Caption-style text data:
⟨
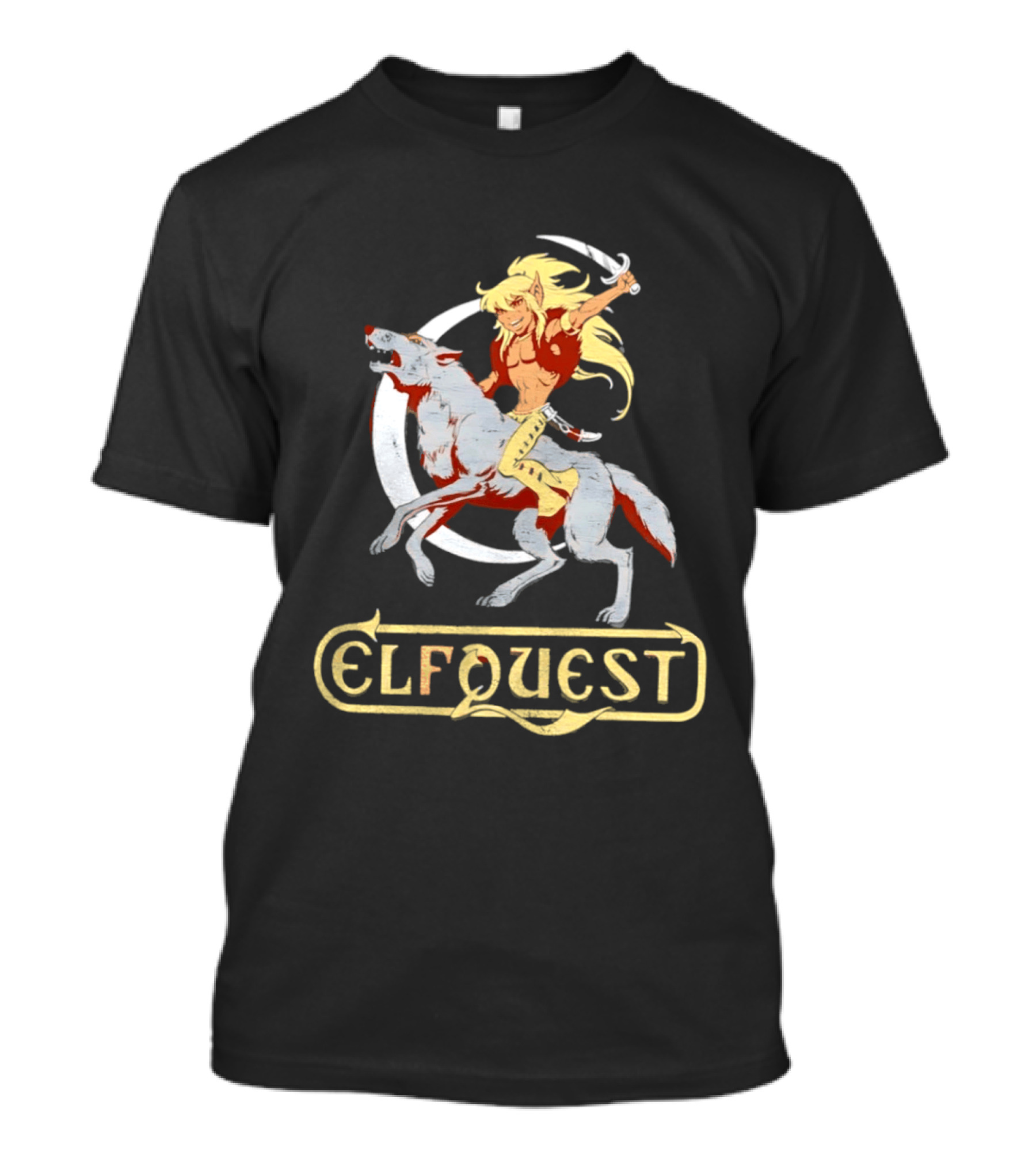 Elfquest Cutter Riding Wolf Crescent Moon Scene T-Shirt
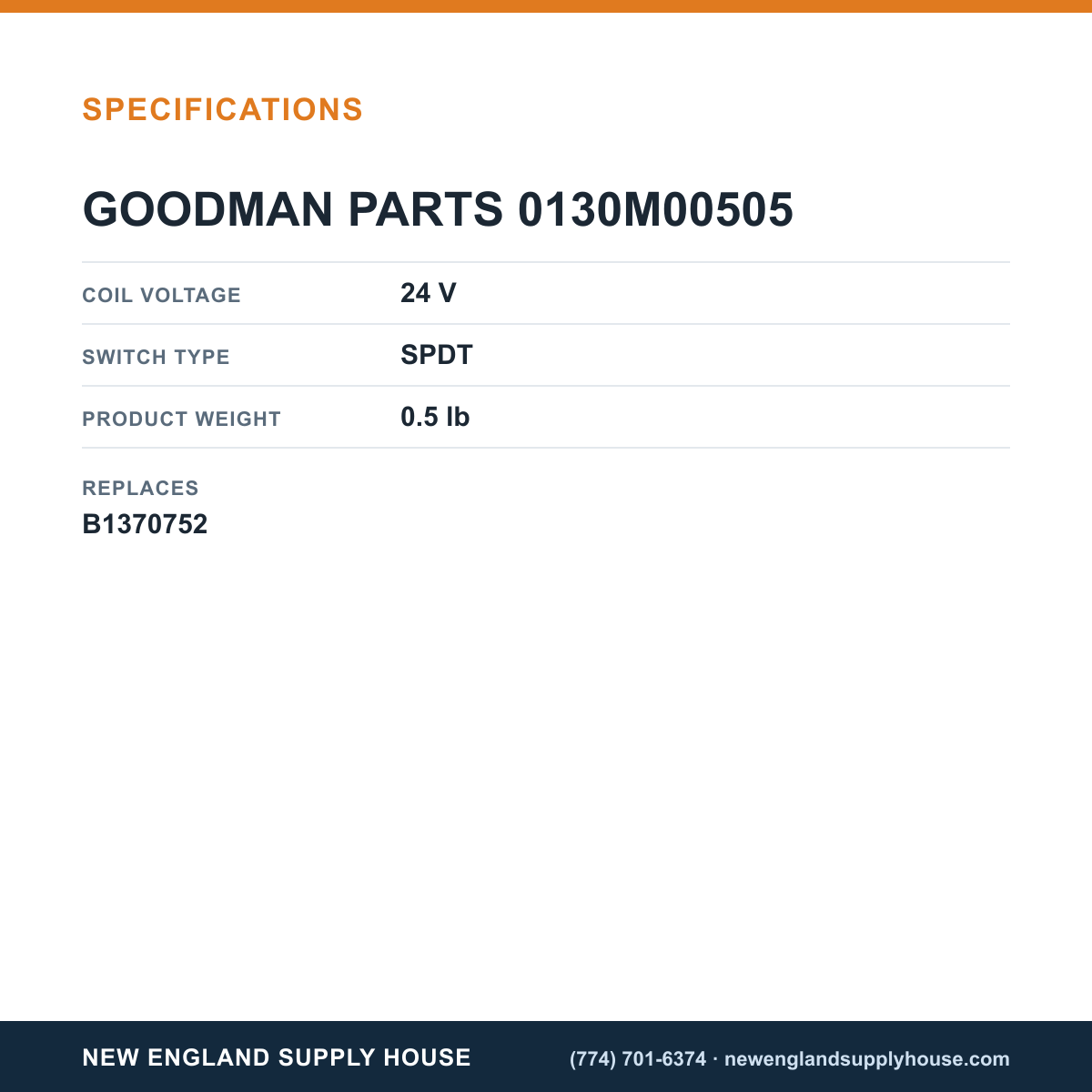 Goodman 0130M00505 Delay Relay specifications — New England Supply House [NESH-SPECTABLE-V1]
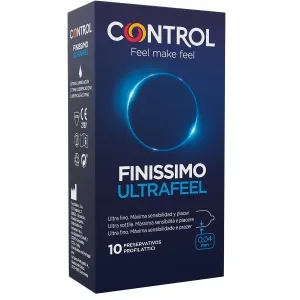 Packaging of Control Finissimo Ultrafeel condoms, 10 pieces, 0.04 mm thin, for maximum sensitivity and comfort.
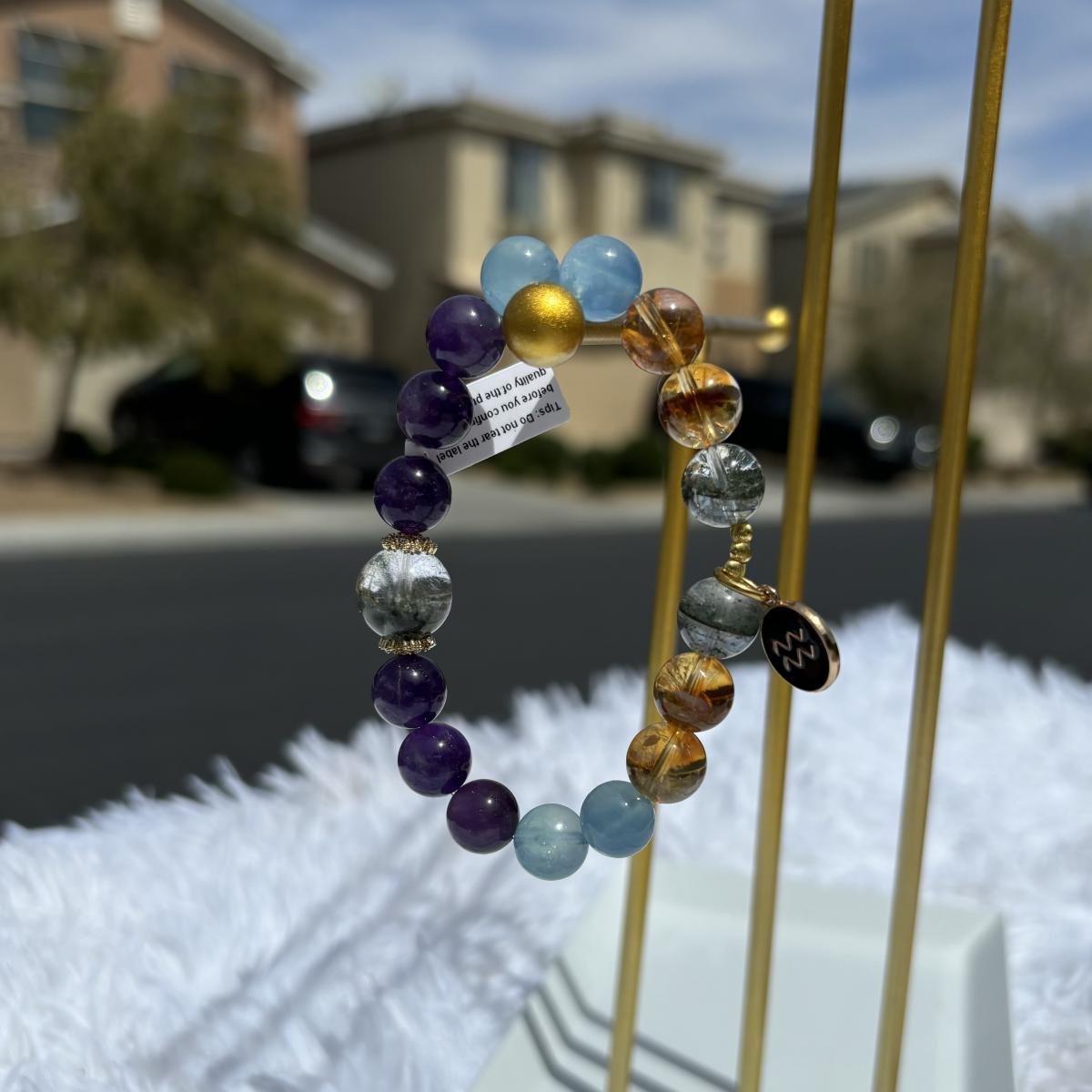 Aquarius Zodiac Bracelet – Green Phantom Crystal, Aquamarine, Natural Amethyst & Citrine picture
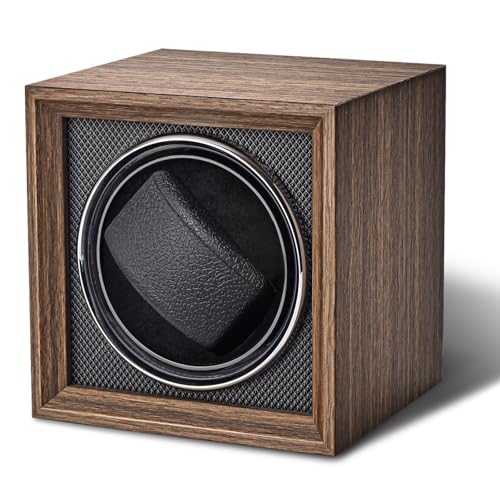 Uhrenbeweger 1 Uhr Automatik Uhrenbeweger: LOSGATOS Watch Winder mit Walnussmaserung für Automatikuhren Uhrendreher für Herren und Damen USB-C Netzteil von Los Gatos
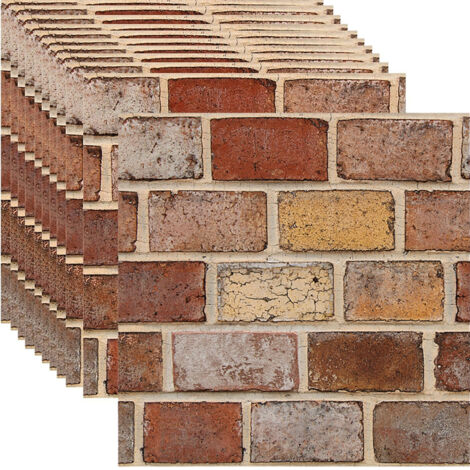 LZBARGON 10 Adhesivos de Pared con Efecto Piedra – Papel Tapiz de PVC Impermeable con Efecto Piedra Ideal para la decoración de paredes interiores y balcones (1/5)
⟩
Leave every picture out and retype exactly the lines of the records above from the one holding "Aquarius Zodiac Bracelet" through the last, both ends included and nothing besides.

 Aquarius Zodiac Bracelet – Green Phantom Crystal, Aquamarine, Natural Amethyst & Citrine picture
 Uhrenbeweger 1 Uhr Automatik Uhrenbeweger: LOSGATOS Watch Winder mit Walnussmaserung für Automatikuhren Uhrendreher für Herren und Damen USB-C Netzteil von Los Gatos
 LZBARGON 10 Adhesivos de Pared con Efecto Piedra – Papel Tapiz de PVC Impermeable con Efecto Piedra Ideal para la decoración de paredes interiores y balcones (1/5)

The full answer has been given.